Brian McGrattan Wishes He Was Chris Neil... Secretly at Least

When Ottawa Senator Chris Neil makes you look unclassy in comparison, you've got a problem. But that's just the situation in which Boston Bruin Brian McGrattan finds himself after calling out Neil through the media on Monday.

After Neil fought McGrattan's soon-to-be teammate Dennis Seidenberg on Saturday, McGrattan said that it was "typical Chris Neil" to do something worthy of getting kicked out of a game, adding that he always had to protect him when the two were teammates between 2005 and 2008. All Neil said in response: "I'm sure he's trying to get into the line-up.

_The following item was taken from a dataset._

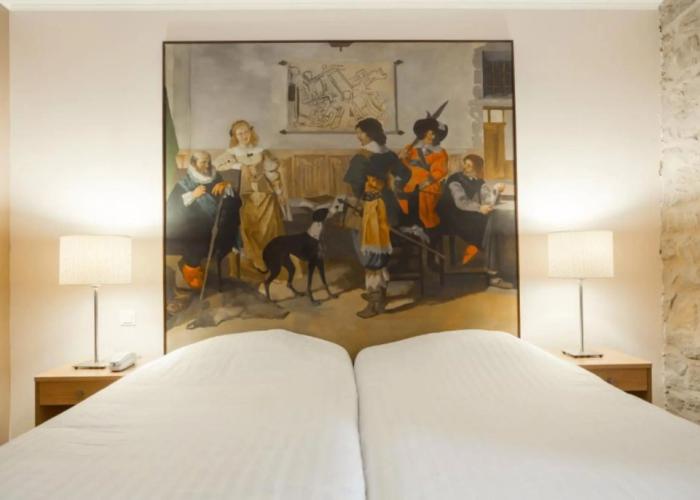 Hotel Le Château Fort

I have nothing bad to say about the guy."

It's interesting to note that McGrattan has yet to play a game for the Boston Bruins after signing a contract as an unrestricted free agent with the team in mid-October and being assigned to the Providence Bruins for conditioning. Even though he was recalled on Monday, McGrattan should have taken the three-game stint in the AHL as an opportunity to get used to his surroundings, because he's likely due for an extended stay in the minor leagues somewhere in the near future.

That isn't because McGrattan would have a hard time finding the back of the net blessed with binoculars and optimal seating two feet from the goal line (47 points in 197 career AHL games is kind of proof of that). That isn't even just because the Bruins already have a more-than-capable heavyweight in Shawn Thornton. No, it's mostly because even five years after the Senators gave him his first taste of NHL action he has yet to establish himself as a full-time NHL enforcer. His one claim to fame? Establishing the AHL record for most penalty minutes in one season in 2004-2005 (551), which, for a guy trying to prove himself capable of playing with the big boys, is like beating up on all the guys who are smaller than you. Really not all that impressive unless you're looking to become a professional bully... or as this clip shows one psychotic bad-ass.

What's "typical" Brian McGrattan? Well, admittedly not swinging his stick like a baseball bat. That was just a one-time thing (hopefully, anyway). Who really knows? He did enter the league's substance-abuse program in 2008, but it would be wrong to hold that against him. What should be held against him is his need to criticize Neil for attacking Seidenberg, who wasn't looking to fight, when he once did the same thing to then-Los Angeles King Sean Avery. Granted, he did everyone a favour by trying to put Avery in his place then, but there's little room for hypocrisy when it comes to making a living as a tough guy. People are supposed to fear and revere you for your toughness... not act afraid of you on the ice and laugh at you behind your back.

Now Neil does take his fair share of cheap shots. He's not exactly a clean player, but for McGrattan to suggest that it was his job to protect Neil and "fight all his battles for him the next time" they played the same team implies that a) Neil doesn't know how to fight and b) McGrattan somehow was actually able to play his way into the Senators' lineup once every blue moon. His game totals actually decreased in each of the three seasons he was with Ottawa (to a low of 38), while Neil earned himself a regular shift and a reputation as a timely contributor on offense (as well as a cheap-shot artist).

For the record, according to, McGrattan has a regular-season record of 28-17-8, for a total of 53 fights. Neil has appeared in 112 dating back to the 2001-2002 season. Since McGrattan first got into the league in 2005-2006, Neil has fought 55 times. During McGrattan's time with the Senators, he fought 37 times, while Neil did 26 times. In those 26 fights, Neil actually fought several tough customers, including Hal Gill (who's not a fighter, but is still huge), Tie Domi, Aaron Downey, Darcy Hordichuk, Paul Gaustad, McGrattan's other soon-to-be teammate in Thornton, and, my personal favourite, Donald Brashear, a bout with which Neil actually did McGrattan's job for him and not the other way around.

Jealousy is an ugly emotion. It's even uglier on McGrattan. Now, admittedly that's due in part to his brutish appearance. But that gives him little right to talk smack about another player when it's become abundantly clear that Neil is right when he says he's only trying to make his way back into a regular role in the NHL.

The Bruins next play the Senators on November 13 in Boston, and I'm sure Neil will be happy to oblige McGrattan should he come looking for a fight. After all, that's what ex-teammates tend to do for one another... that is if McGrattan actually gets a chance to play.